However, 4/2 DCA Denied Expert Witness Fees To Unsuccessful FEHA Plaintiff Rejecting CCP § 998 Offer, Parting Company With Contrary Results By 1/5 And 4/1 DCAs.
We have to say that 2018 has started out with a bang, producing a decision by the Fourth District, Division 2 acknowledging it is parting company from the approach taken by two other DCAs on whether CCP § 998 gives a right to expert fee costs-shifting even though the underlying FEHA claim was found nonfrivolous in nature.

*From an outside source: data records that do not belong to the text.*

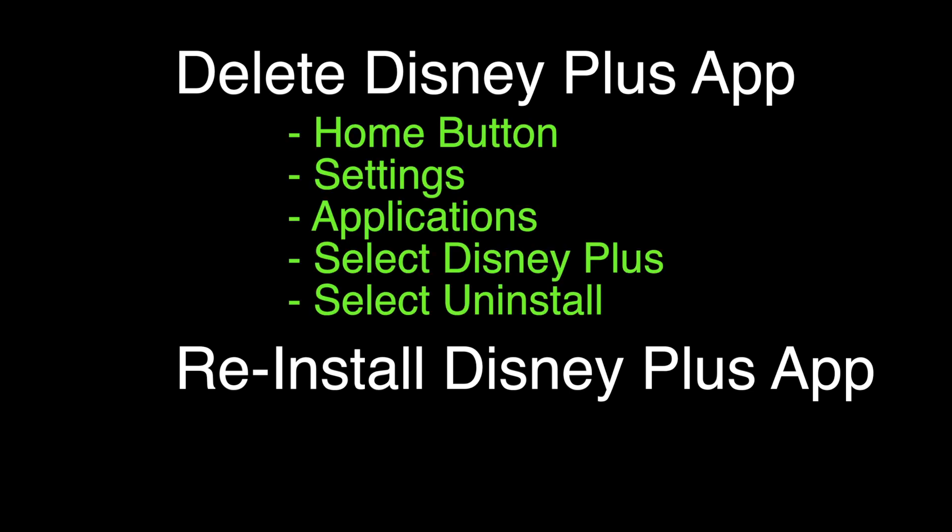We're going to delete the Disney Plus app. Press the home button on the remote, select Settings, then Applications, then select Disney Plus, then select Uninstall. Once it's uninstalled, you just want to reinstall it by finding the Disney Plus app and then selecting Install.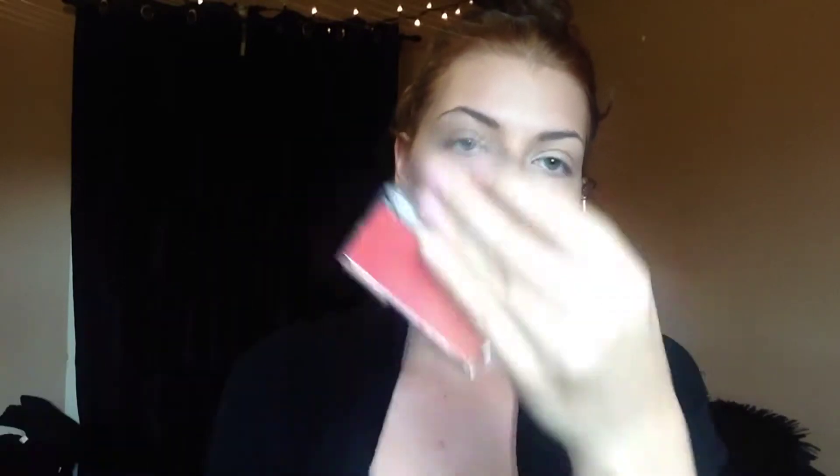Taking this blush from Essence — this is just the summer blush that they came out with, I'm not sure if it's a limited edition — but it's just a mix of everything from a dark plummy color to a light pink. Just taking that on a duo fiber brush and applying it to my cheeks. Then I'm going to be taking my Baby Baby Doll mascara and applying that to my lashes.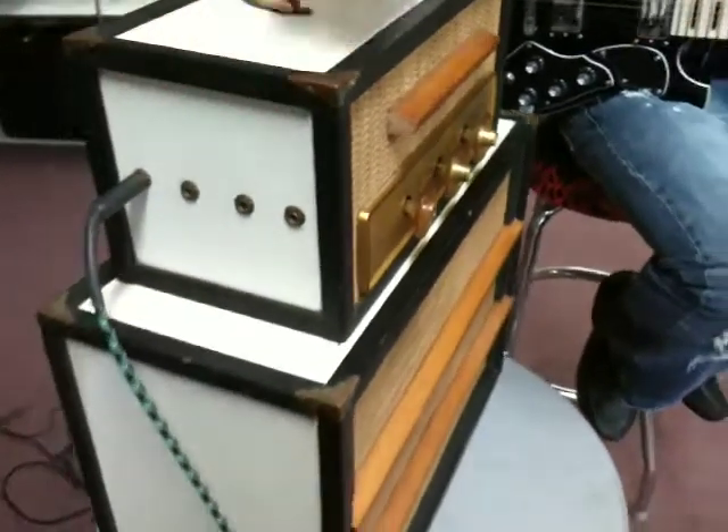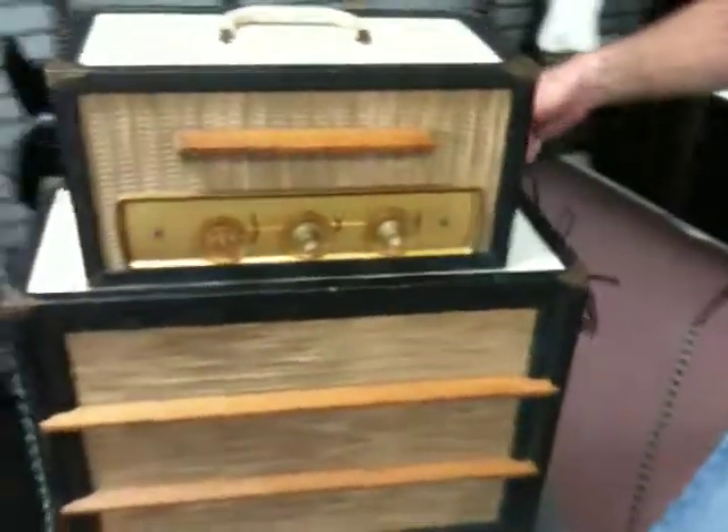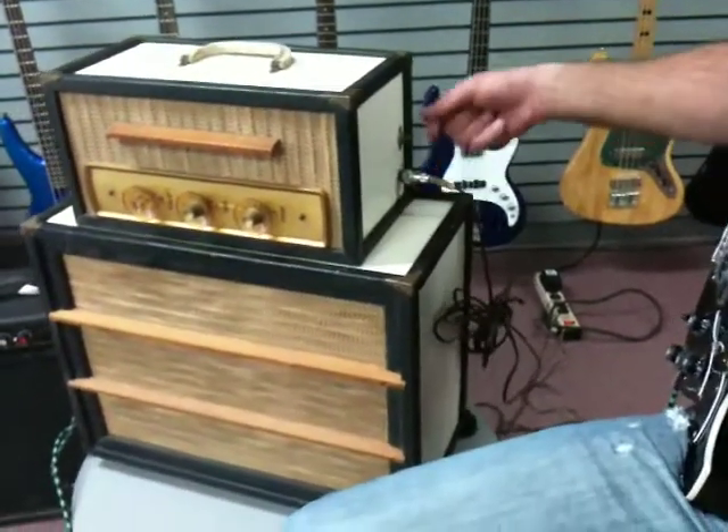All the channels on the side work. The input works. All the original cables. The original speaker cable works. I've taken the end off and the connector looks fine. No corrosion on it.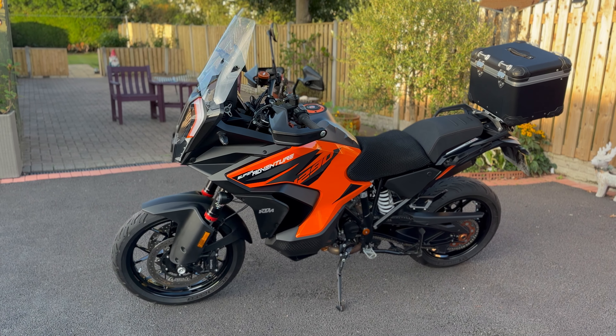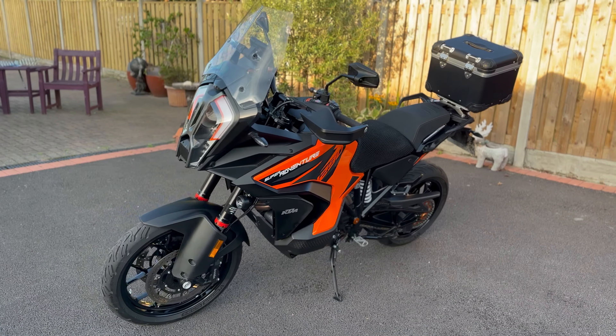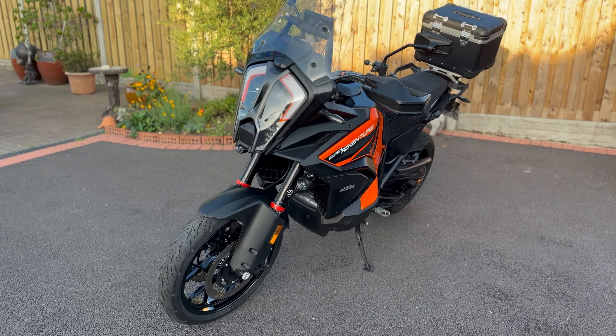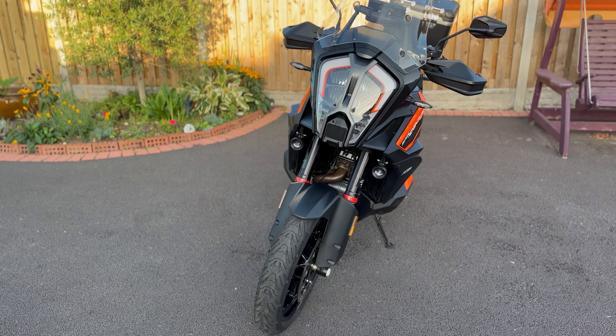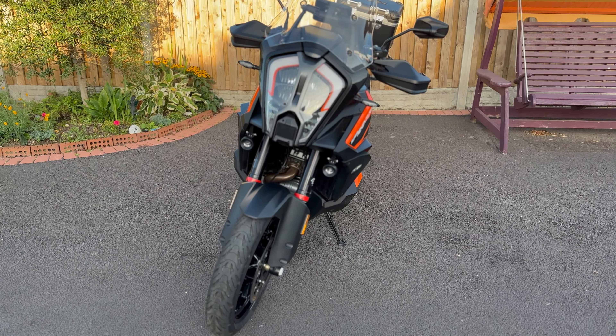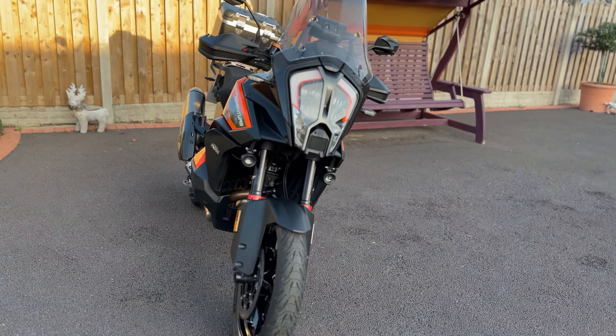Here we have the Mighty Orange, all nicely cleaned up, looking ready to go. We're just testing the new phone — this is cinematic mode — and you can do this sort of thing with it, so just have a little look around.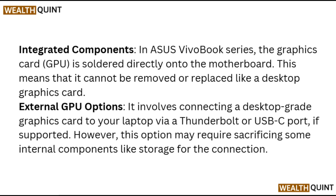Graphic cards are integrated components. In most laptops, including the Asus Vivobook series, the graphic card is soldered directly on the motherboard. This means that it cannot be removed or replaced like a desktop graphic card.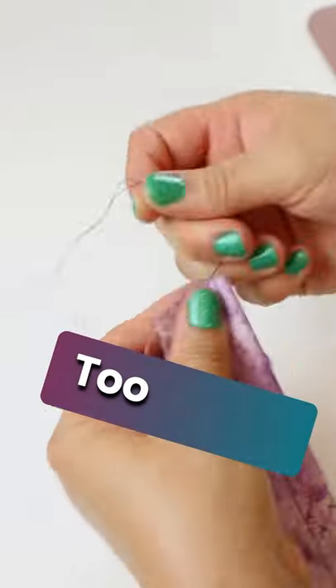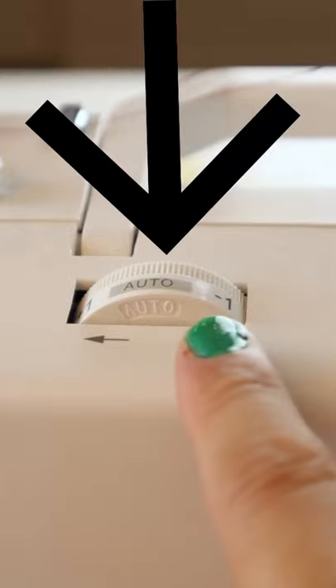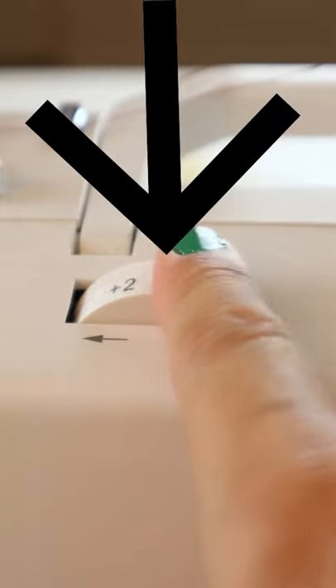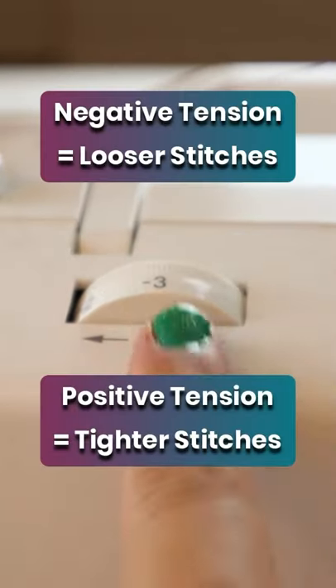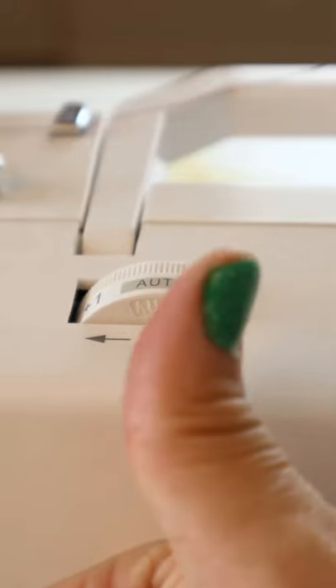Is your thread too loose or maybe too tight? Try adjusting the thread tension dial. This is how you will control the amount of thread that each stitch gets. More thread is a looser stitch, less thread gets tighter stitches. Adjust the tension dial until your stitches are just the way you want them.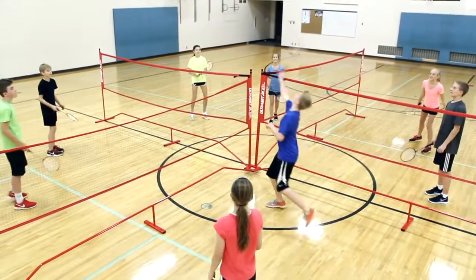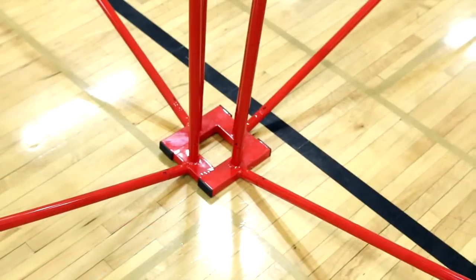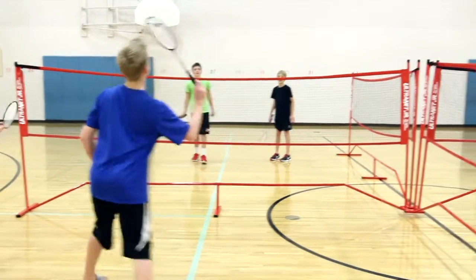Add four times the fun with Gopher's Alternet 4-Way Badminton Packs. Gopher's Alternet 4-Way Adapter allows four doubles teams to compete against each other at once, quadrupling the action and fun.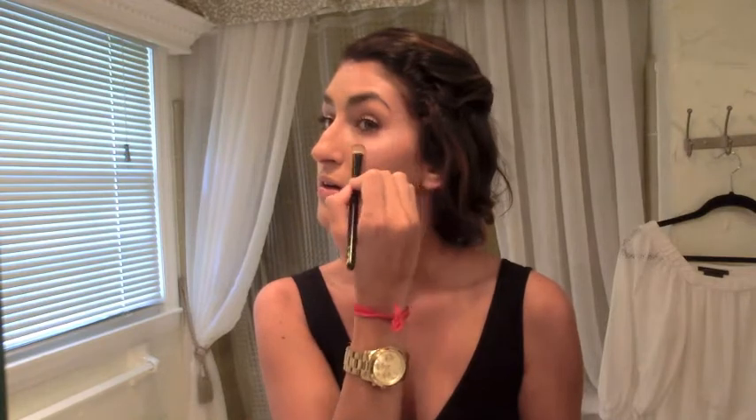I'm making a crescent moon shape around my eyes with the highlighter. I'm also going to take the virgin shadow from my Naked palette and put it right on the bow of my lip. Then I'm going to add some more highlight on either side of the bridge of my nose.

Arave v. Merrill Lynch, Pierce, Fenner & Smith, Inc., Case No. E061677 (4th Dist., Div. 2 Jan. 2, 2018) (partially published; fees/costs discussion published) involved a plaintiff suing under FEHA for discrimination, harassment and retaliation based on LDS church membership as well as under Labor Code section 218.5 (wage/hour violation) and the whistleblower statute. Either through summary judgment or trial, plaintiff lost all of his claims after a jury defensed him on claims escaping pre-trial adjudication. The defense (both the company and some affiliated individuals) moved to recoup $1,203,225.06 in fees, apportioning $200,537.60 to the wage claim (1/7th of total fees) and the remaining $1,002,607.96 to the FEHA claims. The trial judge denied fee recovery under FEHA based on her feeling that the claims were not frivolous (given plaintiff survived a summary judgment motion on these claims), but did not buy into the 1/7th apportionment on the wage claim. After some more apportionment, the lower court awarded $97,500 in fees to the defense on the Labor Code section 218.5 wage claim, although not making any finding whether it was frivolous in nature. With respect to “routine” costs, the defense sought $84,017.68, with the trial judge striking a small amount and awarding $83,642.68—broken down as $54,545.18 in ordinary costs and $29,097.50 in expert witness fees. The expert witness fees were based on plaintiff’s rejection of a 998 offer as to all claims (including FEHA claims), which he did not beat. The trial judge determined that even though the FEHA claims were not frivolous, section 998 pre-trial settlement principles effectively overrode the situation based on First District authority in the Holman decision. She did not expressly rule on entitlement to expert fees under the unsuccessful wage claim given making no determination of whether it was or was not frivolous.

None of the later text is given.